## REQUIRED ACTION
Transcribe exactly, please, the lines from the one containing "SS2109NT-ES STI Green" through the end of the records below, and leave out the pictures.

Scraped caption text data
[Start of section]
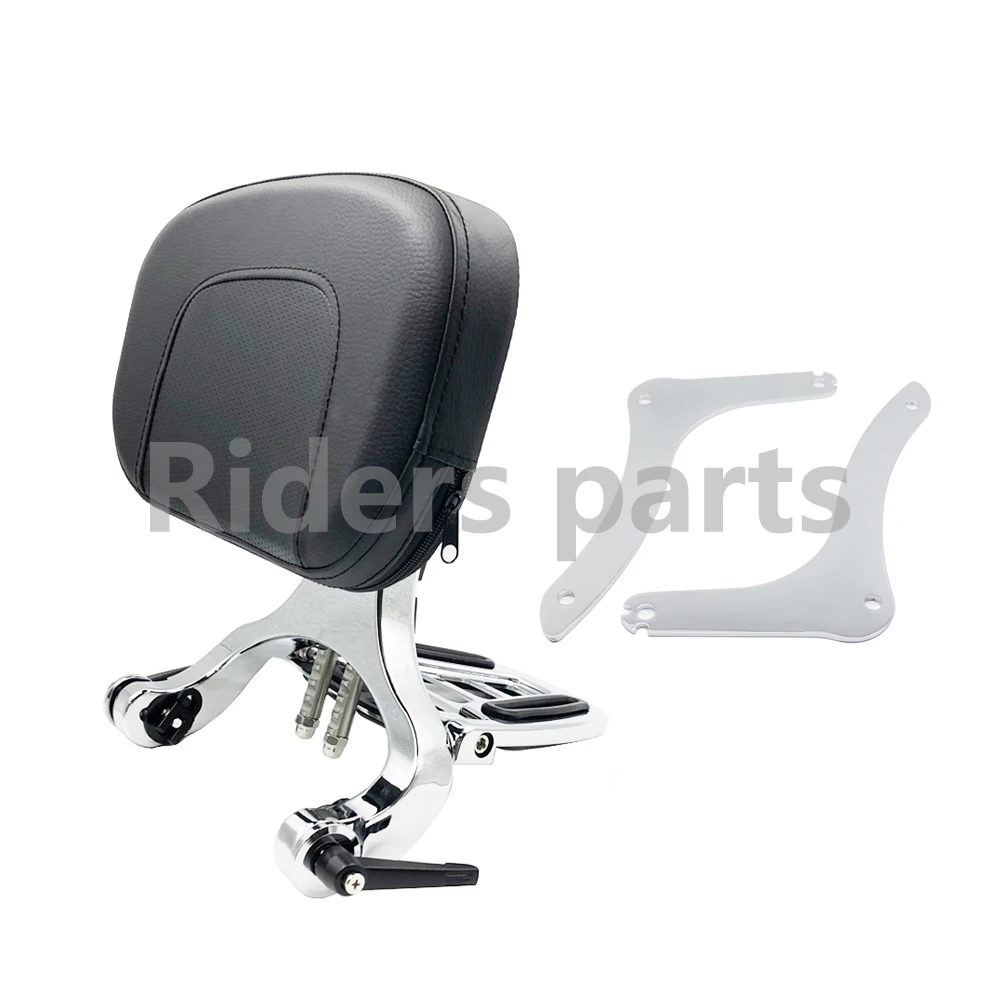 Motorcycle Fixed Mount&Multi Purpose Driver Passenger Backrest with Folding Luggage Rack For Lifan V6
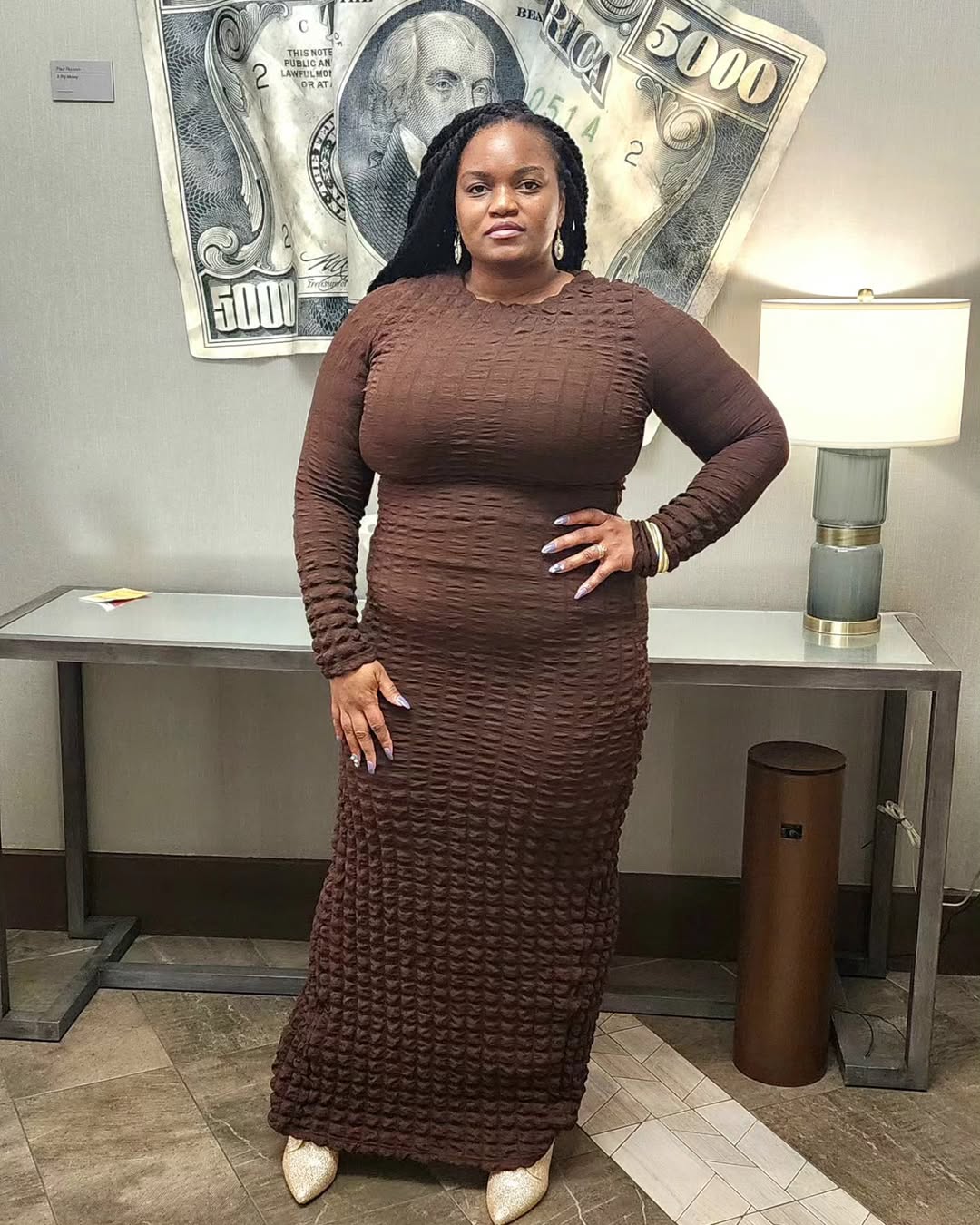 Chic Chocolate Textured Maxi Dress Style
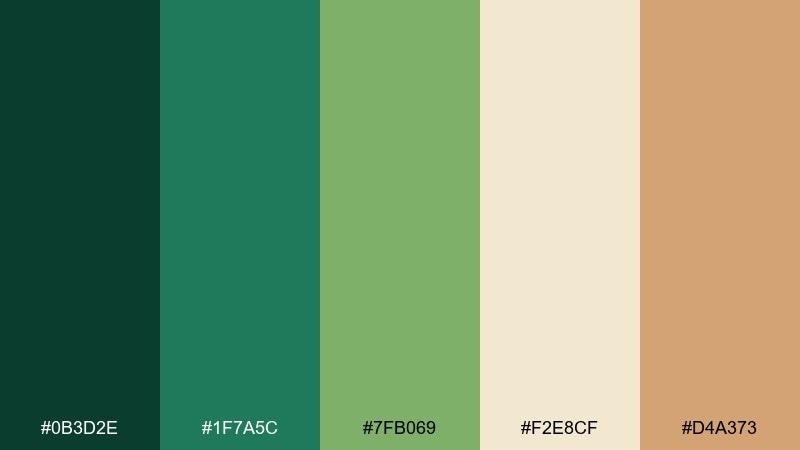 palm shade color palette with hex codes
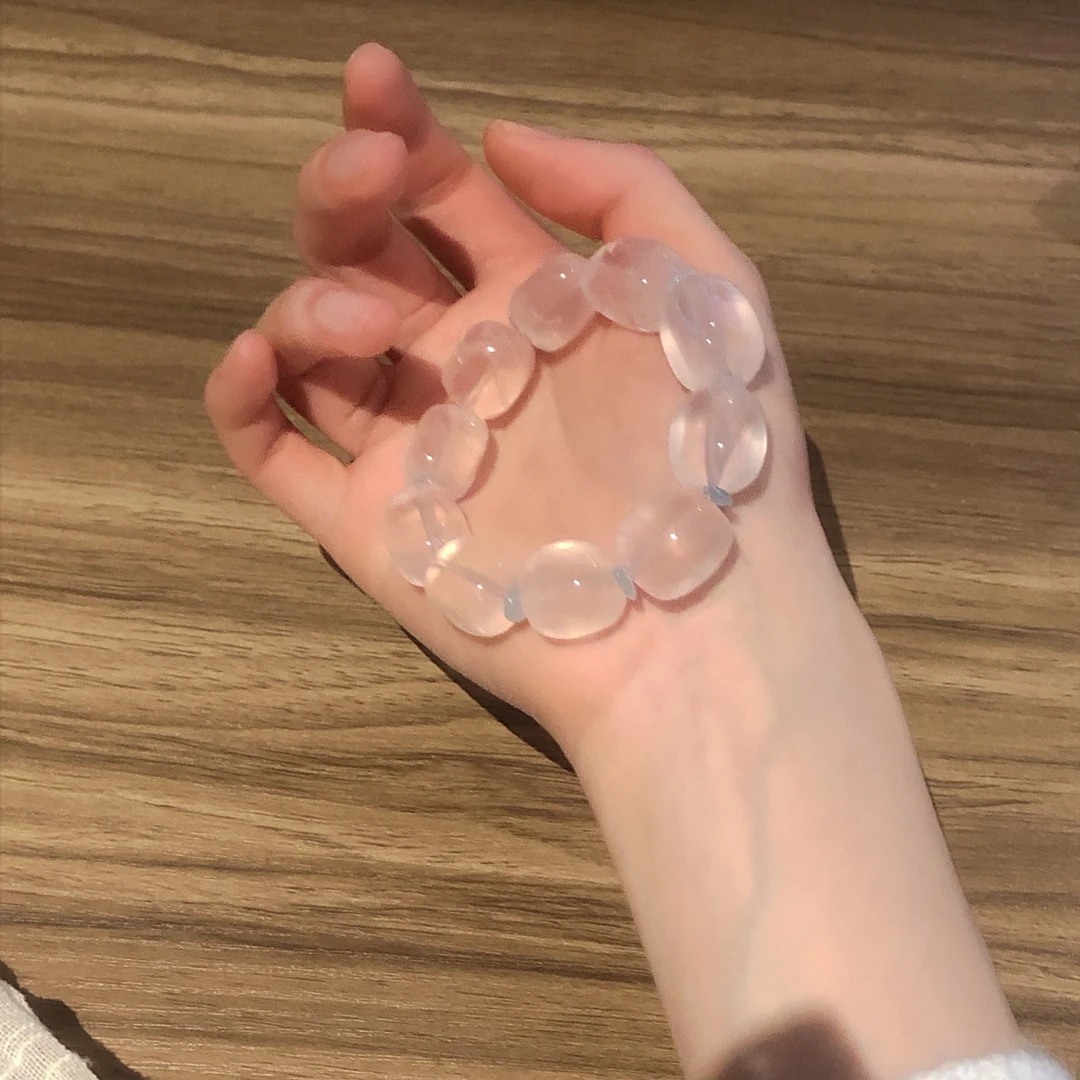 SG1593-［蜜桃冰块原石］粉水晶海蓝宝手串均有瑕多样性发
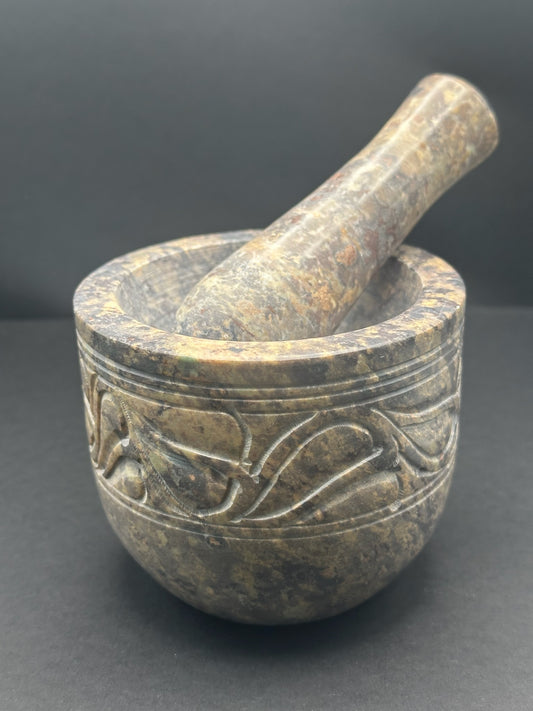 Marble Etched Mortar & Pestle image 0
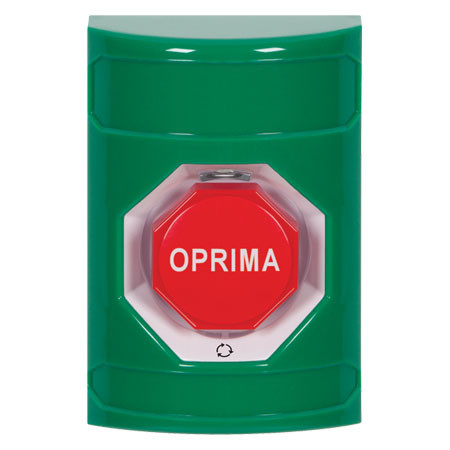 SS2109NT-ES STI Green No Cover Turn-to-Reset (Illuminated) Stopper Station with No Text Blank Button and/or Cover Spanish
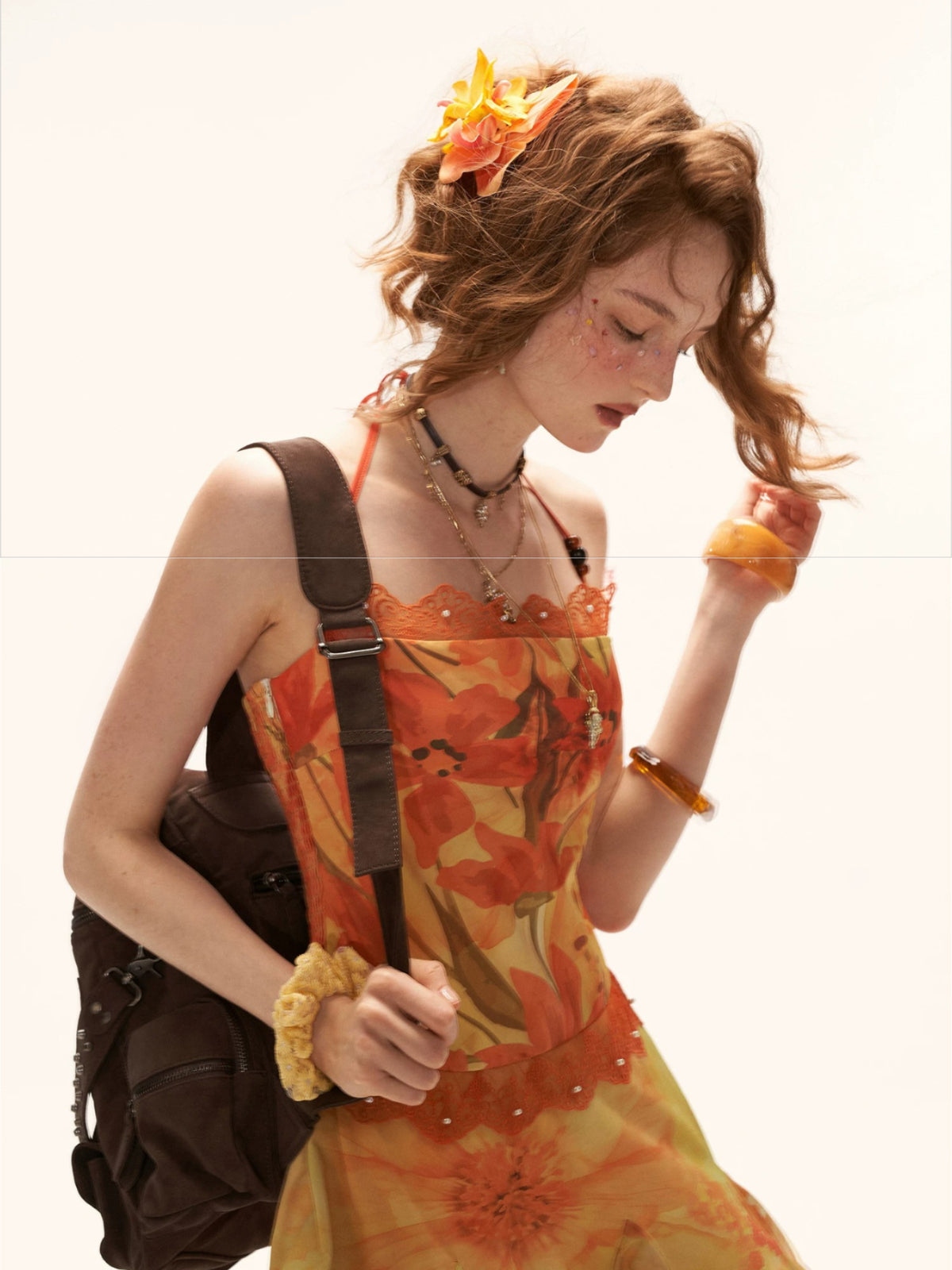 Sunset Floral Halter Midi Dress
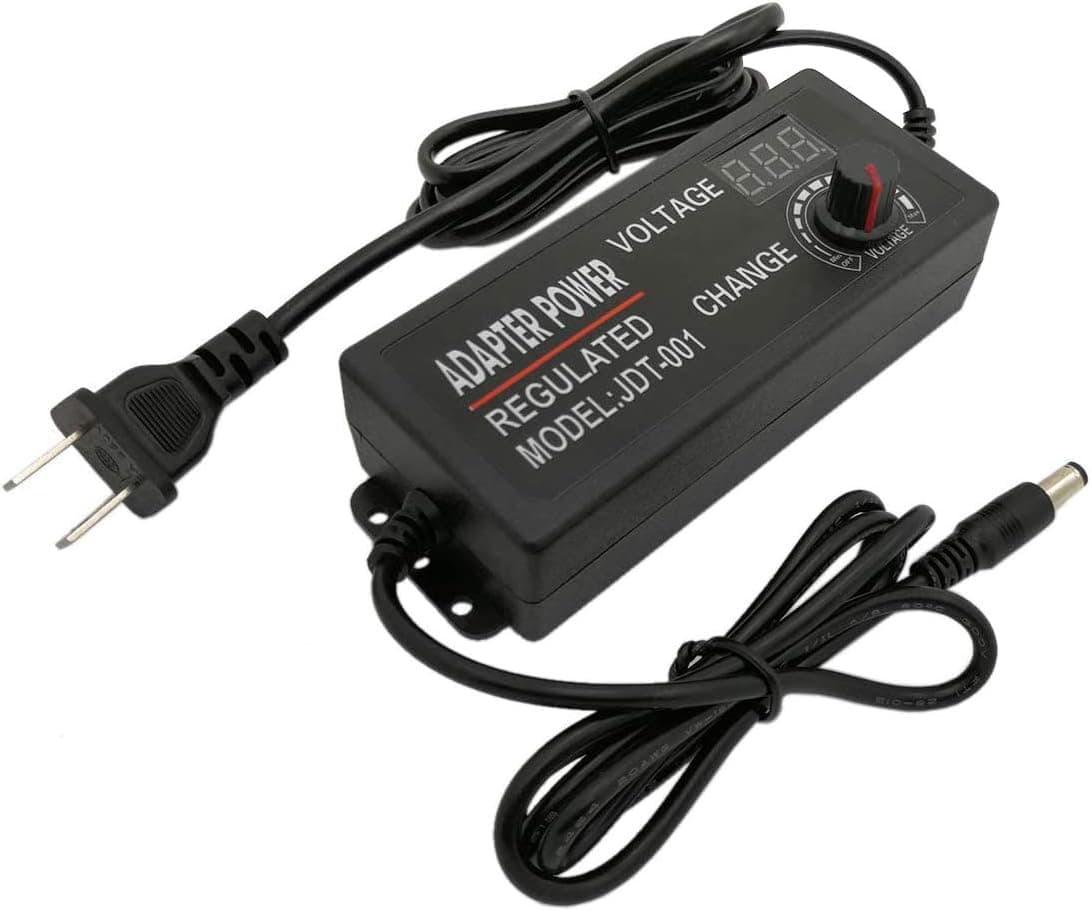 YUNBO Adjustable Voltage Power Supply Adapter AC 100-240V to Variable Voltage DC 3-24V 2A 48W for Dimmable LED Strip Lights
[End of section]
## RESPONSE TO THIS TASK
 SS2109NT-ES STI Green No Cover Turn-to-Reset (Illuminated) Stopper Station with No Text Blank Button and/or Cover Spanish
 Sunset Floral Halter Midi Dress
 YUNBO Adjustable Voltage Power Supply Adapter AC 100-240V to Variable Voltage DC 3-24V 2A 48W for Dimmable LED Strip Lights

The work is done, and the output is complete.